Ownership: a forgotten art?

While the responsible investment field has come a long way, the majority of investors are still treating it as an overlay, rather than truly integrating it into investment decision-making.

This is not an ideal situation for the investment industry, not to mention society at large, but it presents an opportunity for those that do integrate enviroment, social and governance (ESG) issues with investments, and do it well.

For the past three years the giant Dutch pension manager, PGGM, has had a specific portfolio, the The essence of the portfolio is a long-term investment horizon that integrates financial and ESG factors with active ownership. The Responsible Equity Portfolio is worth about 3 per cent of the overall assets of €125 billion ($167 billion).

Responsible investment 2.0

Now the head of that strategy, Alex van der Velden, and a number of the team have started a new independent firm that offers strategies managed in the same vein.

It’s the “next generation” of responsible investment evolution.

“From an investment perspective you do ESG analysis to prevent the problems. When we showed up to invest, conditional on improvement of the issues, it was win/win. The effect is greater the larger the bag of money you can put on the table,” van der Velden, who is chief investment officer of the new venture, says.

Sponsored Content

He says in the past few years there have been perceived positive moves in the market regarding ESG awareness, but in reality little uptake.

“People accept principles of responsible investment and there is more open-mindedness to the concept. But it is also a façade that people can hide behind and do nothing. Most funds managers are hardly doing anything. If you ask at the portfolio-manager level, it is not happening at that level,” he told top1000funds.com in July last year.

It is a challenge that most investment processes don’t deal with qualitative processes like ESG or are involved in investee companies.

This next generation of responsible investing that van der Velden and his team are adopting at Ownership Capital integrates ESG considerations as part of the fundamental investment framework.

As at PGGM, the strategic objectives of the portfolio are ESG integration and active ownership, with the point of integration to see how ESG could add value to – or detract value from – a company.
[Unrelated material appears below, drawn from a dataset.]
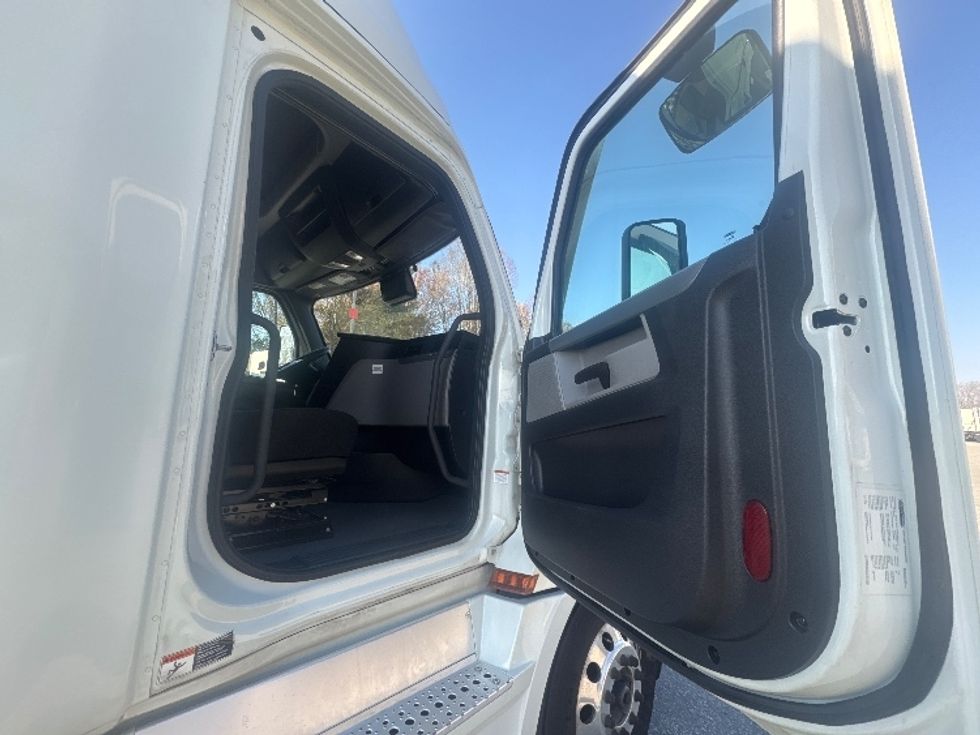Sleeper Tractor-Heavy Duty Tractors-Freightliner-2021-T12664ST-Greensboro-NC-540,126\n\t\tmiles-$ 68,500 - Image 13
This is implemented through better stock selection of sustainability leaders and through better management of ESG risk by catalysing ESG improvements at laggards through active ownership.

There is a three-pronged analytical approach involving fundamental financial analysis, ESG integration and active ownership. There is also recognition that ESG analysis takes a substantial amount of time, not just to understand the specific facts but, more importantly, to understand their financial relevance, and the approach is active and concentrated.

Canary in the coalmine

Van der Velden says that many funds have adopted engagement with companies but that strategy falls short in fulfilling the original ambition.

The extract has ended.